- Exercise instructions -
Please find the line that holds "1FTEW3KP2SKE14310 2025 FORD" below and reproduce it, along with every line after it through the end, exactly and without pictures.

- Recorded data -

---*---

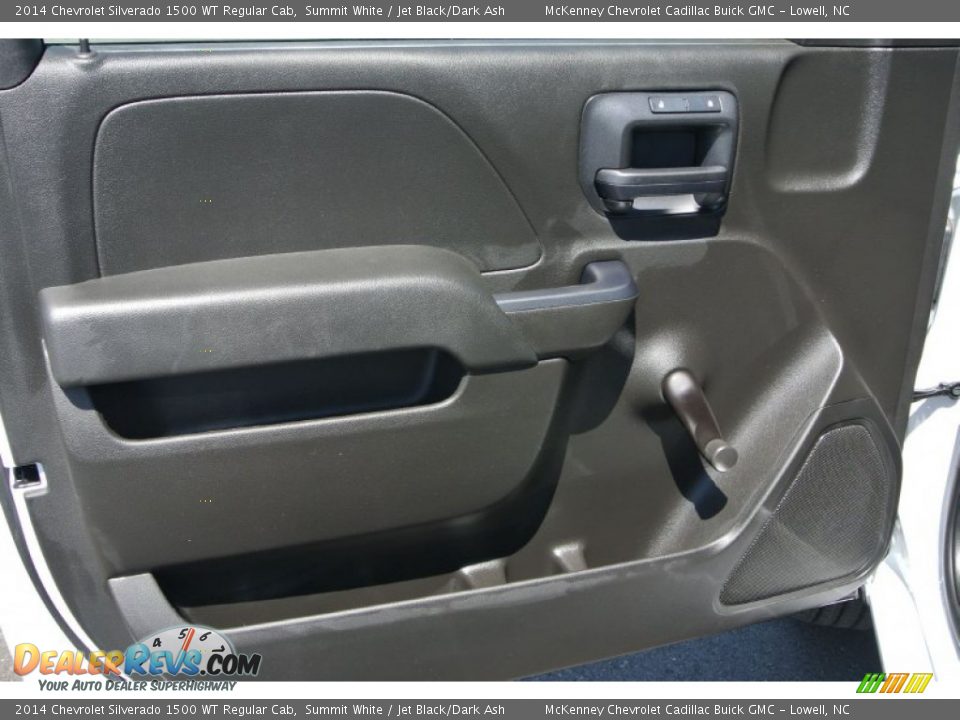 2014 Chevrolet Silverado 1500 WT Regular Cab Summit White / Jet Black/Dark Ash Photo #9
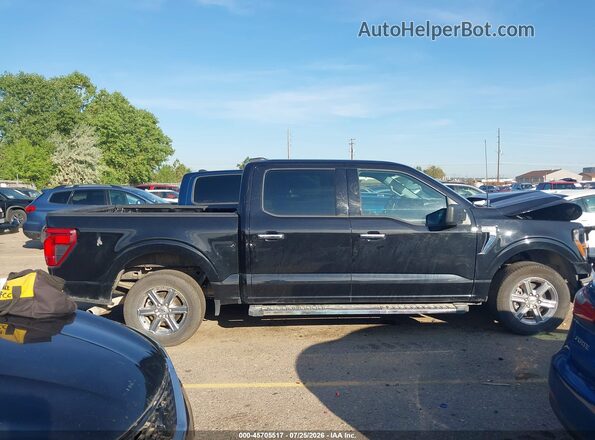 1FTEW3KP2SKE14310 2025 FORD F150 Black Вид задньої частини салону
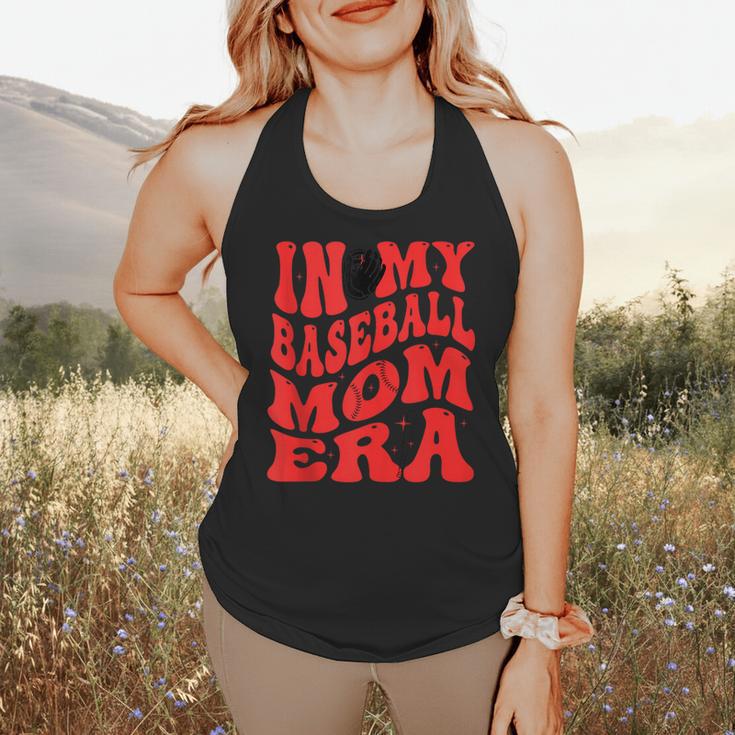 In My Baseball Mom Era Red Flowy Tank In My Baseball Mom Era Red Flowy Tank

---*---

- Answer below -
 1FTEW3KP2SKE14310 2025 FORD F150 Black Вид задньої частини салону
 In My Baseball Mom Era Red Flowy Tank In My Baseball Mom Era Red Flowy Tank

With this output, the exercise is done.